Rui Cardoso Martins

Já nem carro tenho


Crónica "Levante-se o réu", por Rui Cardoso Martins.

A cara de João estava num ponto intermédio, a caminho de outro estado. Não se percebia se estava a inchar, se a desinchar. Também as pernas, ao entrar na sala de audiências, avançaram numa calma hesitante, como se caminhasse em cima de um arame esticado entre dois prédios. Uma vida funambular, tentando chegar em segurança ao outro lado da rua. João nasceu em Lisboa há 45 anos.

– O senhor está aqui porque foi acusado de conduzir um veículo em estado de embriaguez.

No dia 8 de Novembro de 2019, pelas três da manhã, João conduzia um automóvel na Av. Marechal Craveiro Lopes, no sentido Norte-Sul junto à saída da Rotunda Nelson Mandela, em Lisboa. Trazia uma taxa de, “pelo menos, 1,628 gramas de álcool por litro de sangue, depois da dedução de erro máximo admissível”. Houve uma colisão automóvel “com um ferido que careceu de assistência hospitalar”.

– O que é que tem a dizer sobre isto? Foi isto que aconteceu?

– Exactamente, sotora.

Silêncio. Não era só admitir, o tom da voz de João parecia querer reforçar a acusação e, portanto, a sua culpa. Mandou uma pessoa para o hospital nessa madrugada, quase a matou.

– O senhor, ao dizer-me isso, fê-lo livremente, não foi obrigado por ninguém a confessar os factos?

– Não, não.

– Tinha consciência de que estava a circular com esta taxa de álcool no sangue e que ainda por cima foi interveniente num acidente de viação?

– S… sim. Foi uma fase da minha vida muito complicada.

– Que pelos vistos se prolongou para 2021…

– Eu estou a ser acompanhado por um psicólogo, por um psiquiatra, neste momento.

– Mas porquê, o senhor tem problemas de…

– … problemas de álcool.

– Esse tratamento é para a desabituação do consumo de álcool?

– Exactamente. Aliás, já não estou. Já há bastante tempo que não consumo álcool, porque a medicação não o permite.

– Desde quando é que o senhor faz isso?

– Ora… desde… dois, três, quatro, cinco, mais. Não sei precisar.

– Meses…?

Se respondesse minutos, ou horas, seria humor negro.

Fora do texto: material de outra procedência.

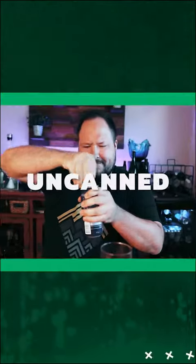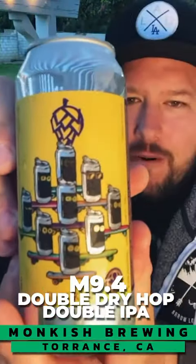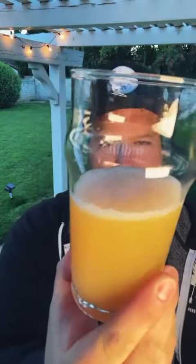We're not going to a single IPA — we're jumping straight into a double IPA. This is their anniversary M 9.4 from Monkish: nine year anniversary, nine percent, double dry hop double IPA, nine hops, nine pounds per barrel, released on March 12th. Just a couple weeks old. Let's crack it open.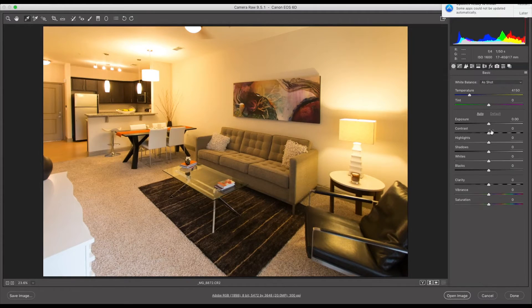Now I'm just going to do a little bit of basic editing. I'm going to take down the highlights to around negative 80, bring up my shadows a little bit, and also take my contrast and exposure up just a little bit. So overall the image is well exposed — all the highlights are there and all the shadows are opened up a little bit.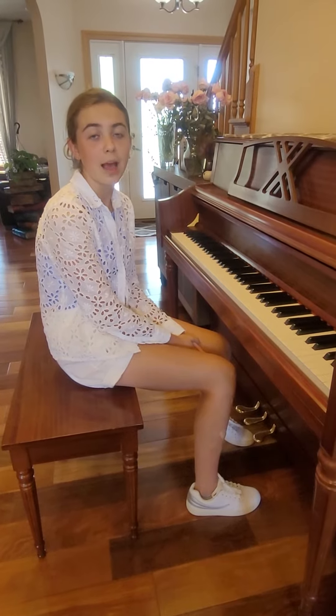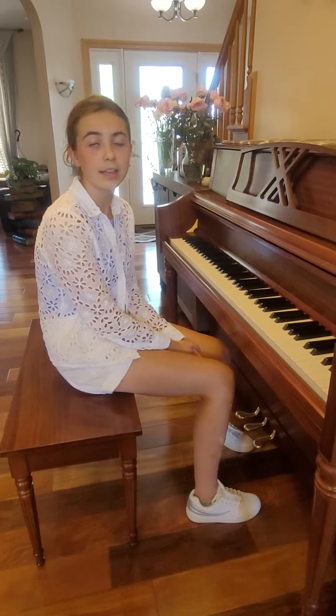My name is Emma Andrev. I'm level 6. I'm playing Krebs, Toccata in E-flat major.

Mas o tempo de João parou algures, não sabe se vai em frente ou volta para trás.

– Meses! Oito, nove meses, será. Eu não sei, não tenho a noção. Há muito, muito tempo.

– Mas em Maio de 2021 não andava a conduzir com álcool?

– Não. Já foi depois disso. Portanto… há um ano, se calhar.

– O senhor andava a conduzir com álcool ao mesmo tempo que fazia o tratamento?!

– Não, não! O meu problema é que eu não tenho…

A juíza interrompia João e mais o baralhava. Atrás dele, uma profunda depressão espreitava. Quase se podia ver, sentada nos seus ombros como um macaquinho preto.

– A pessoa com quem está a ser seguido como se chama?

João disse o nome do psiquiatra.

– Qual é o centro de saúde?

– É o centro de saúde da Lapa, que abrange ali uma série de freguesias, inclusive aquela em que estou a viver agora.

– O senhor disse-me que está desempregado e solteiro.

– Sim, separei-me na altura, isto antes de haver este acidente.

– Mas não era casado…

– Não, vivia maritalmente há 20 anos.

– Então vive com quem?

– Agora vivo sozinho. Numa casa arrendada por um valor …hum… baixo. É por favor, quase…

– Quanto?

– Por cem euros.

– E o senhor vive do quê?

– Do subsídio de desemprego. Uns 600 e poucos euros. Começou em Dezembro, deram-me 720 dias. Dois anos.

O advogado de João tinha uma pergunta:

– O senhor continuou a conduzir?

– Não, não conduzo. Nem tenho carro, tampouco. Nem o poderia fazer, porque estou em tratamento.

Um caminho longo e o desastre a cada esquina.